The current HCHS population is more skewed towards affluence. At Hunter, 9% of 7-12th graders are below the free and reduced lunch threshold. At Stuyvesant and Bronx Science the figure is 42% and at Brooklyn Tech it is 59%.
Where in the city do our students come from?
The bulk of current HCHS students are drawn from relatively few, mostly affluent neighborhoods with little representation of high-achieving students from lower income parts of the city. Census tracked data shows that our population is drawn from just 129 of NYC’s 2164 census tracts.
How does our admissions process compare to other NYC selective schools?

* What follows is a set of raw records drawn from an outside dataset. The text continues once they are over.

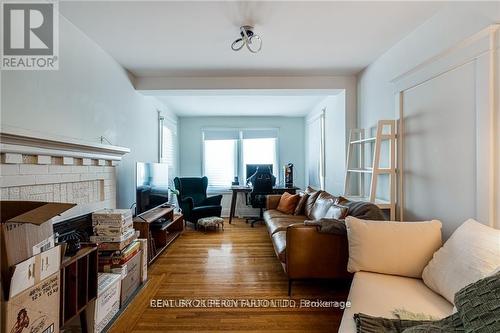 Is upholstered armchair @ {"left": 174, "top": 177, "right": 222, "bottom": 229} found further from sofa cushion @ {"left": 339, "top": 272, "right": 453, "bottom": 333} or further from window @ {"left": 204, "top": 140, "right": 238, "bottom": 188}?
sofa cushion @ {"left": 339, "top": 272, "right": 453, "bottom": 333}

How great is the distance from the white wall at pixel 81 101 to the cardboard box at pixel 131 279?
98cm

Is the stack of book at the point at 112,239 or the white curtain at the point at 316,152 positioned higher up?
the white curtain at the point at 316,152

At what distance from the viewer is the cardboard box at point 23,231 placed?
1.18 m

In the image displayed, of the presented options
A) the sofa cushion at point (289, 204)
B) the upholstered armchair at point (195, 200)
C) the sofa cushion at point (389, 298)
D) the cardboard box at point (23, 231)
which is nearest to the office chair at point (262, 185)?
the upholstered armchair at point (195, 200)

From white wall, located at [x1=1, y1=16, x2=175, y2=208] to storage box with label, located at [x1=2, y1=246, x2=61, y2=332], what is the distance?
38.3 inches

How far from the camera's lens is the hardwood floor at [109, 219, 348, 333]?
76.7 inches

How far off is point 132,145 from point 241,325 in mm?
2758

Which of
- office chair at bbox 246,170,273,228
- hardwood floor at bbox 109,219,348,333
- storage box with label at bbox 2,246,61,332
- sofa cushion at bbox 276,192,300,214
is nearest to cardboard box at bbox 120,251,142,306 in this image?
hardwood floor at bbox 109,219,348,333

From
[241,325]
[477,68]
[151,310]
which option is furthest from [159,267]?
[477,68]

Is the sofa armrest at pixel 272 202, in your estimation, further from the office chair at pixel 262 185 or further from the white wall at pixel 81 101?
the white wall at pixel 81 101

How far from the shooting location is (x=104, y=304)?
191 centimetres

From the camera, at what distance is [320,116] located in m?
5.06

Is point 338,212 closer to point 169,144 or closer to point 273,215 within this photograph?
point 273,215

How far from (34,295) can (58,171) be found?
111cm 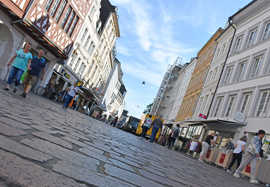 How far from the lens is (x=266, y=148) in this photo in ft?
59.2

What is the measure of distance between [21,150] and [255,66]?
970 inches

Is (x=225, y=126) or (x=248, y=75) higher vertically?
(x=248, y=75)

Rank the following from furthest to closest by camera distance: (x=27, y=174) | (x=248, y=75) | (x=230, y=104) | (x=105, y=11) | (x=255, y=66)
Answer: (x=105, y=11) < (x=230, y=104) < (x=248, y=75) < (x=255, y=66) < (x=27, y=174)

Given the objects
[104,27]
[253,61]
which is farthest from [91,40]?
[253,61]

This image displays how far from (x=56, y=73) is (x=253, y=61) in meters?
18.3

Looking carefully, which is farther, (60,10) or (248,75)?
(248,75)

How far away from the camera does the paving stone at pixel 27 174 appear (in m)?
1.75

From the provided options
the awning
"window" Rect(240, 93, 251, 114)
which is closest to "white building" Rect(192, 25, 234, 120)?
the awning

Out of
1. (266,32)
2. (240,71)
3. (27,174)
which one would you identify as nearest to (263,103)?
(266,32)

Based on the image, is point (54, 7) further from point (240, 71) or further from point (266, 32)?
point (240, 71)

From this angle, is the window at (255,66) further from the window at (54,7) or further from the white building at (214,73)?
the window at (54,7)

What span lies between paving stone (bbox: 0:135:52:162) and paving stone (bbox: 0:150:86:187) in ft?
0.52

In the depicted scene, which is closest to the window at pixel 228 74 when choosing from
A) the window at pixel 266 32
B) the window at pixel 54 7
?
the window at pixel 266 32

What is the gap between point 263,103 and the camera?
20688 millimetres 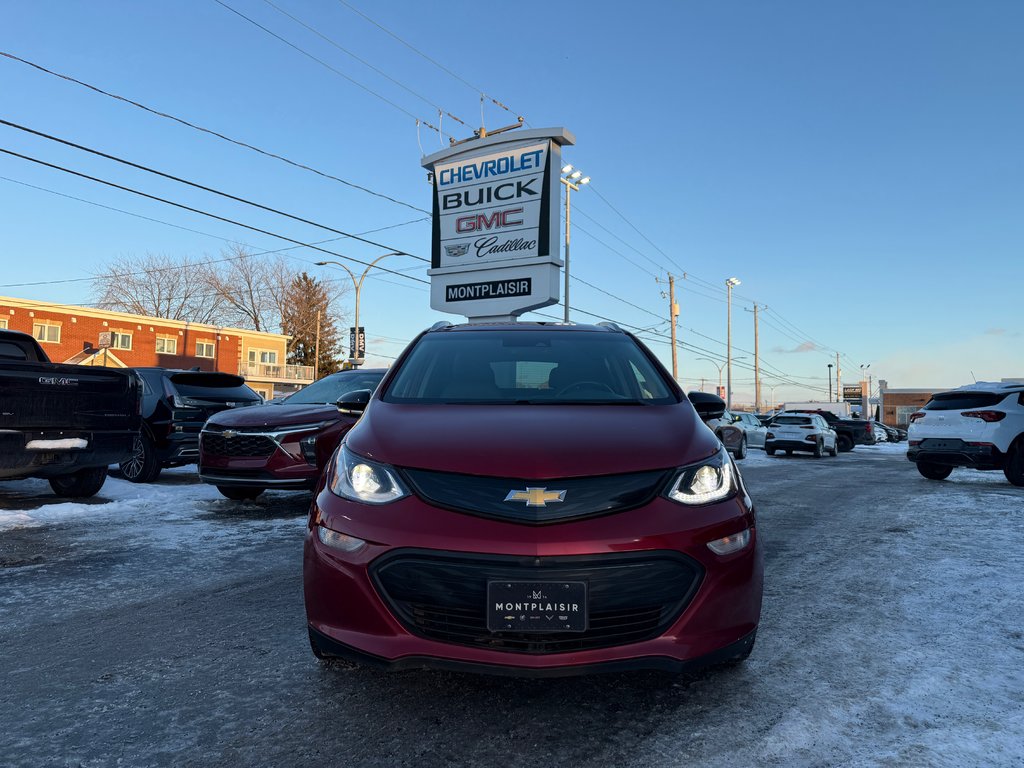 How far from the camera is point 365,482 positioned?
2.61 meters

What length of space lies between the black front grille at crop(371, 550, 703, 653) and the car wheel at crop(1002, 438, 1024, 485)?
11207 millimetres

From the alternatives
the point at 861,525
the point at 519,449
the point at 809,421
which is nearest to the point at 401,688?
the point at 519,449

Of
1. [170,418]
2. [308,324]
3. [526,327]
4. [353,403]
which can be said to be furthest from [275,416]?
[308,324]

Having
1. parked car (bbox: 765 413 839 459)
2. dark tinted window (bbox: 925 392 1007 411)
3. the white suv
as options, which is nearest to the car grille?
the white suv

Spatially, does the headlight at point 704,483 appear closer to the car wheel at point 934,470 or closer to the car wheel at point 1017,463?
the car wheel at point 1017,463

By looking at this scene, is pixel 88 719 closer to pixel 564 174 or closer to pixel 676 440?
pixel 676 440

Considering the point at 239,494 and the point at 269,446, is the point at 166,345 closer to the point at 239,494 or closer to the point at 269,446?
the point at 239,494

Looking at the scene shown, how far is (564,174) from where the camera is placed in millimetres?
33906

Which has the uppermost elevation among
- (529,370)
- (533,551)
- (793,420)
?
(529,370)

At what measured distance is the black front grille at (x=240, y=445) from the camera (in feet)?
22.4

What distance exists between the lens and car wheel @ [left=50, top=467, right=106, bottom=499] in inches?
305

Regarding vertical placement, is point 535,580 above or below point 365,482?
below

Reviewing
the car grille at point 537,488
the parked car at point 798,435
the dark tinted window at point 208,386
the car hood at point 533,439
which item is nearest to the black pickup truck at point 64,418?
the dark tinted window at point 208,386

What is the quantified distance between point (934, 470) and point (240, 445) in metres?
12.3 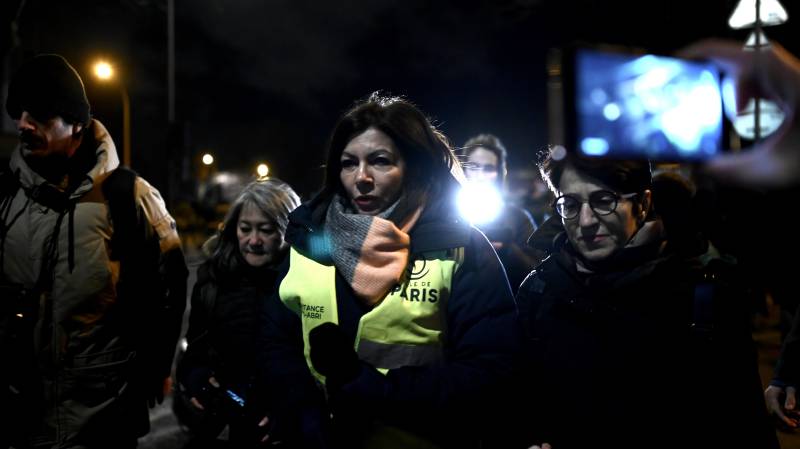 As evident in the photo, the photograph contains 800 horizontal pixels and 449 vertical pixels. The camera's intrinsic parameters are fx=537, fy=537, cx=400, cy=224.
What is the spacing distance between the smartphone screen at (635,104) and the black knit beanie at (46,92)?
8.21ft

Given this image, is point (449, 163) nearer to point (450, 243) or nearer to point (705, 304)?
point (450, 243)

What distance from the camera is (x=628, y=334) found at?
187cm

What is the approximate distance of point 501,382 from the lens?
5.69 ft

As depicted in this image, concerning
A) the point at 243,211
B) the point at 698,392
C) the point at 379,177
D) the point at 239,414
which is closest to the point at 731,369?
the point at 698,392

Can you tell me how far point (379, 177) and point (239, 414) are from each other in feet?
5.00

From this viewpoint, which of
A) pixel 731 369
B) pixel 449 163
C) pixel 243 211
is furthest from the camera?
pixel 243 211

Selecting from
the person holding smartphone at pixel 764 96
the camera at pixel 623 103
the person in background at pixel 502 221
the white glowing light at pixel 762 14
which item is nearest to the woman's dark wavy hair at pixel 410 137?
the camera at pixel 623 103

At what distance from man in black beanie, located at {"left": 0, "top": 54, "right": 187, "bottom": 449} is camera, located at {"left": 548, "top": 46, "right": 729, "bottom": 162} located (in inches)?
90.6

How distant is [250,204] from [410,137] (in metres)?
1.38

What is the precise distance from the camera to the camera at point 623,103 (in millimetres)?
1070

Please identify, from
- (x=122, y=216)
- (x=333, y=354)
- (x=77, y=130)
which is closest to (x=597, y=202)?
(x=333, y=354)

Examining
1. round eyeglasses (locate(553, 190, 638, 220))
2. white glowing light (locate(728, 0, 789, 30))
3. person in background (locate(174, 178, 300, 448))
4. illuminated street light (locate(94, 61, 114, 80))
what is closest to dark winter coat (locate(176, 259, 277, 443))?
person in background (locate(174, 178, 300, 448))

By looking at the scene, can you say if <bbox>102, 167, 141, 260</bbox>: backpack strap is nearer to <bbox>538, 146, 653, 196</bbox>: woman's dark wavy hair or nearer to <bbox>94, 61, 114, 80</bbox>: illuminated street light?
<bbox>538, 146, 653, 196</bbox>: woman's dark wavy hair

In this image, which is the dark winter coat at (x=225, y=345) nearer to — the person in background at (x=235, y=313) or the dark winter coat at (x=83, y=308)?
the person in background at (x=235, y=313) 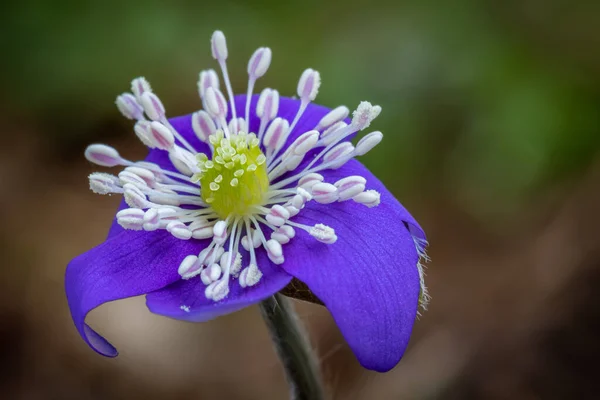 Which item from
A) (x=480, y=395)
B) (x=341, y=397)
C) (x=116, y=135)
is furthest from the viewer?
(x=116, y=135)

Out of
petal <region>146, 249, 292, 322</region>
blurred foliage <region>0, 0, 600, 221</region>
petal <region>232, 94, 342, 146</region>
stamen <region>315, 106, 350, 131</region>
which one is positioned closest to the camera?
petal <region>146, 249, 292, 322</region>

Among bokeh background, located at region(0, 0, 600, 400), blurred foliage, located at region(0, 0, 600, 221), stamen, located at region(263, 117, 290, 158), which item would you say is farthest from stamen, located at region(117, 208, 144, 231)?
blurred foliage, located at region(0, 0, 600, 221)

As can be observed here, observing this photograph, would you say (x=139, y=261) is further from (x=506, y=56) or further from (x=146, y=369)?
(x=506, y=56)

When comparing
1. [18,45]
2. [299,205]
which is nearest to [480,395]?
[299,205]

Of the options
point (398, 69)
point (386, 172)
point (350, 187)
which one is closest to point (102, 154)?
point (350, 187)

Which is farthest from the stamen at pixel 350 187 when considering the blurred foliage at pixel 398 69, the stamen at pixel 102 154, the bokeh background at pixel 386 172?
the blurred foliage at pixel 398 69

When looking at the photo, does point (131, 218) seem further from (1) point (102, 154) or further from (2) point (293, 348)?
(2) point (293, 348)

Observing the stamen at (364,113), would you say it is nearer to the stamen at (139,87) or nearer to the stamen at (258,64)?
the stamen at (258,64)

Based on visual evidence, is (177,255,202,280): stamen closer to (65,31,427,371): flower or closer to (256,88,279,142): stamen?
(65,31,427,371): flower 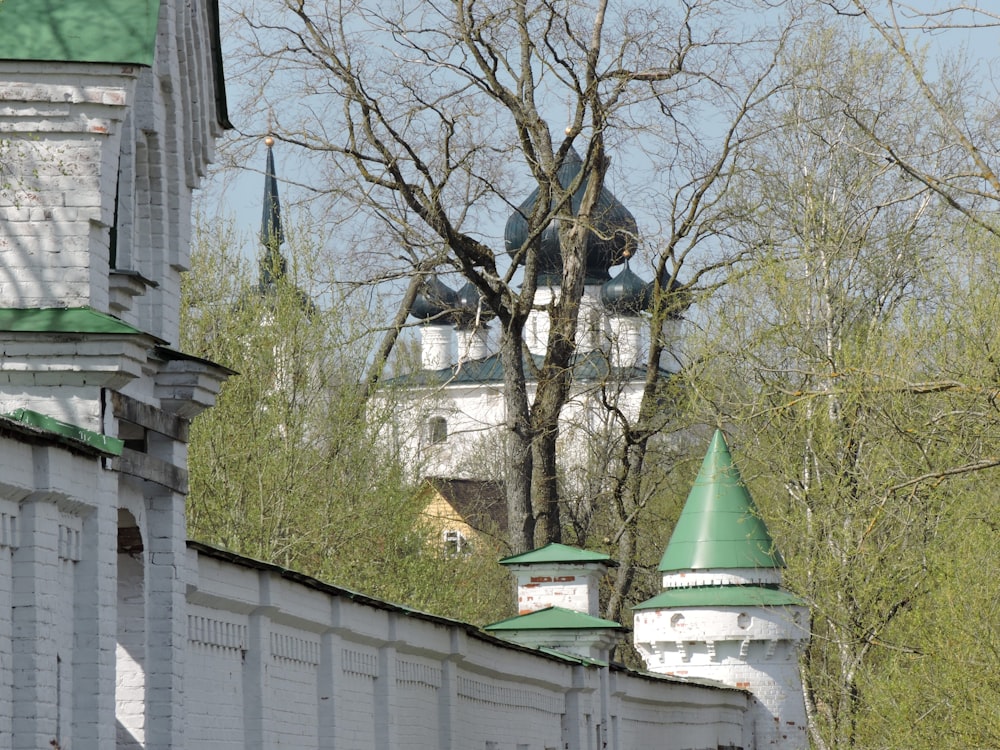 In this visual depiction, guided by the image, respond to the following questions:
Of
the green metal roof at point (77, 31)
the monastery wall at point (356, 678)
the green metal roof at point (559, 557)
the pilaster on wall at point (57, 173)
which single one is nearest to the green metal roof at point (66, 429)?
the pilaster on wall at point (57, 173)

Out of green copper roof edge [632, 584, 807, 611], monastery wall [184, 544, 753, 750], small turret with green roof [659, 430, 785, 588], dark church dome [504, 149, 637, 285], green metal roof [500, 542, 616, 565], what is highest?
dark church dome [504, 149, 637, 285]

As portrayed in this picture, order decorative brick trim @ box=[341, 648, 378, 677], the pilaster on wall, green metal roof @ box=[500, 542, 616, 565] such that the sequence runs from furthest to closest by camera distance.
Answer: green metal roof @ box=[500, 542, 616, 565], decorative brick trim @ box=[341, 648, 378, 677], the pilaster on wall

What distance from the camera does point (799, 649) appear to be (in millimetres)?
20906

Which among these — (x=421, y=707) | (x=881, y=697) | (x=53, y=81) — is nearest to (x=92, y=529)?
(x=53, y=81)

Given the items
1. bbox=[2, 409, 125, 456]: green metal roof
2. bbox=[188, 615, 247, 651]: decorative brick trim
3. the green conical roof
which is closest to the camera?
bbox=[2, 409, 125, 456]: green metal roof

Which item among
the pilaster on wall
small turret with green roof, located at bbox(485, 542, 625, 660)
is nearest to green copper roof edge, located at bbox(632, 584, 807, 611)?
small turret with green roof, located at bbox(485, 542, 625, 660)

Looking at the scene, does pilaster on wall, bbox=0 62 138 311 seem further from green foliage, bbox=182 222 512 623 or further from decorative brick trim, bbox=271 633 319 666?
green foliage, bbox=182 222 512 623

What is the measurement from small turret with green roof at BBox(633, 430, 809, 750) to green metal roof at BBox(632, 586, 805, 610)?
0.01 m

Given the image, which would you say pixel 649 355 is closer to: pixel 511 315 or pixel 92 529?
pixel 511 315

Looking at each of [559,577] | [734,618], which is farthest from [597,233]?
[559,577]

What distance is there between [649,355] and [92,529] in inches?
745

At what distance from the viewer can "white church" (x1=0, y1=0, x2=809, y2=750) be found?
22.8 ft

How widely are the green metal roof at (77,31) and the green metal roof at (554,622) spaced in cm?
813

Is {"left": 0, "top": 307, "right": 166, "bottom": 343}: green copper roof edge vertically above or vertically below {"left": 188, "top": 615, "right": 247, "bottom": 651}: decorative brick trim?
above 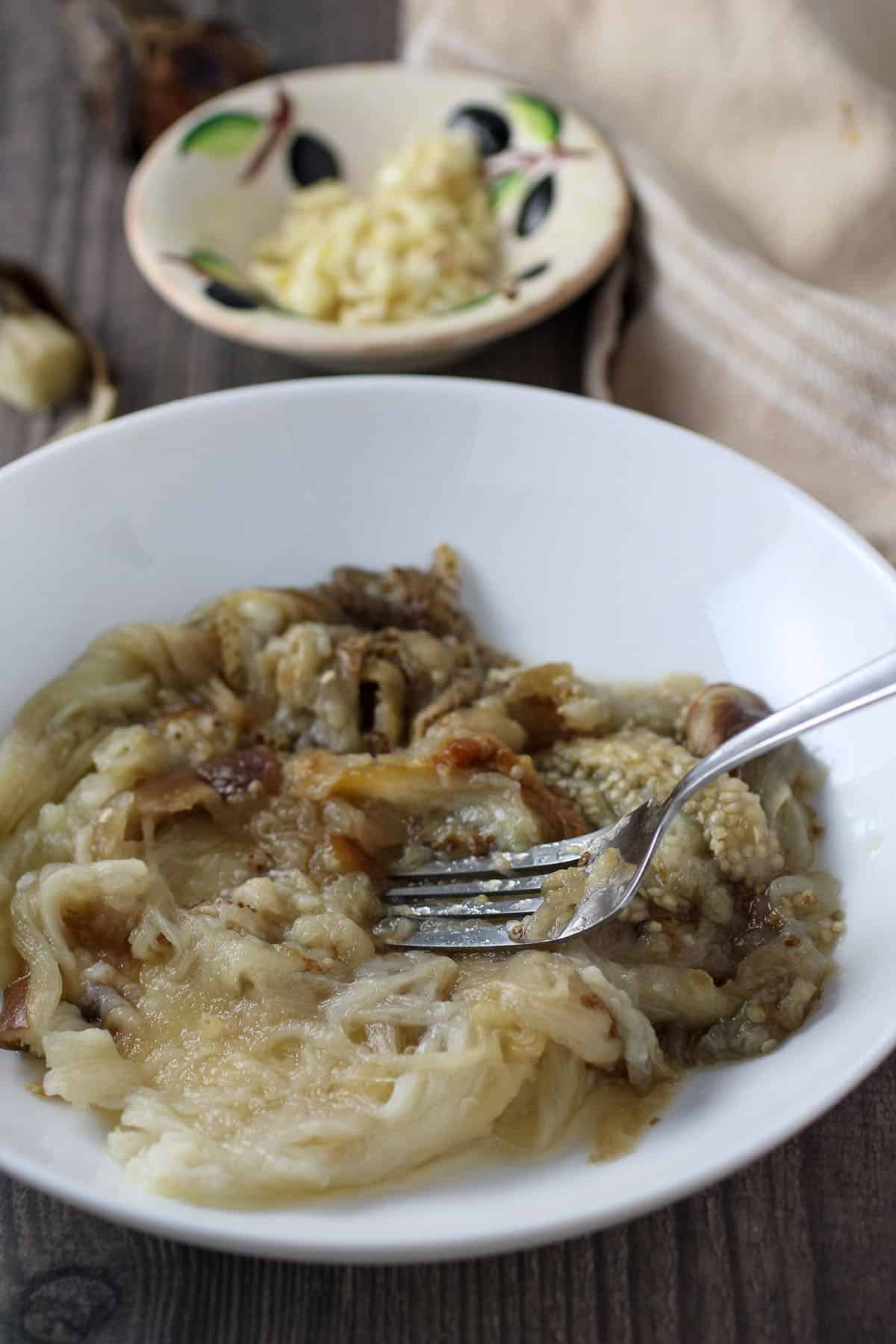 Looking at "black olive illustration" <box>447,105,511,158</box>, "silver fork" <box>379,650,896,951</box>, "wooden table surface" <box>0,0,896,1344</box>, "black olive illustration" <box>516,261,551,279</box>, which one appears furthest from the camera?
"black olive illustration" <box>447,105,511,158</box>

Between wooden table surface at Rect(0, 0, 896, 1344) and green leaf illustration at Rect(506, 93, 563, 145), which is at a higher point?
green leaf illustration at Rect(506, 93, 563, 145)

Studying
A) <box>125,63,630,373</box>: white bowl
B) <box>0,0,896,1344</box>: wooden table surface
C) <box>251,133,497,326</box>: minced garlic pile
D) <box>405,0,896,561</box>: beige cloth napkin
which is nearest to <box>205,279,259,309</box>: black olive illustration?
<box>125,63,630,373</box>: white bowl

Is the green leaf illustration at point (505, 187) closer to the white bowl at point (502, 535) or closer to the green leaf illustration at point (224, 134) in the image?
the green leaf illustration at point (224, 134)

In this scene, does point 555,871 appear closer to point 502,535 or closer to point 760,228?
point 502,535

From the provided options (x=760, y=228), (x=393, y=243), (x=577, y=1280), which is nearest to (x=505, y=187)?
(x=393, y=243)

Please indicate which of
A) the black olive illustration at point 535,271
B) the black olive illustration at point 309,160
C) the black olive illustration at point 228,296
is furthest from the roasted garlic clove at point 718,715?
the black olive illustration at point 309,160

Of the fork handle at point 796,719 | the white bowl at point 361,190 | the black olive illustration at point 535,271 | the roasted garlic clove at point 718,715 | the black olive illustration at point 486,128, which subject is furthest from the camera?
the black olive illustration at point 486,128

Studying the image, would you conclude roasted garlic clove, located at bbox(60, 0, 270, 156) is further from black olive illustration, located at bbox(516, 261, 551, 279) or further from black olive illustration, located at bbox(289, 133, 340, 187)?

Other NYC schools have updated their admissions systems to promote equity:
NYC Selective Schools: Portion of High-Achieving Student Body Admitted Based on Socio-Economic Status
Anderson School – 30%
Brooklyn School of Inquiry – 40%
Tag Young Scholars – 40%
Bard High School Queens – 63%
Millennium High School Brooklyn – 50%
NYC Specialized High Schools – 20%
Hunter College High School – 0%
Are there good models for change?
Chicago Public Schools have been working for over a decade to develop a citywide model that has achieved significant diversity at their selective high schools. The Chicago model considers:
- ⅓ state test scores, ⅓ grades, ⅓ admissions exam
- 30% of applicants are admitted by strict academic criteria
- 70% are admitted by academic criteria weighted with socio-economic status factors
Using this system, Whitney M. Young Magnet High School – one of the Chicago’s elite schools and Michelle Obama’s alma mater — maintains a student body that is 37% low income, 29% Hispanic and 18% Black.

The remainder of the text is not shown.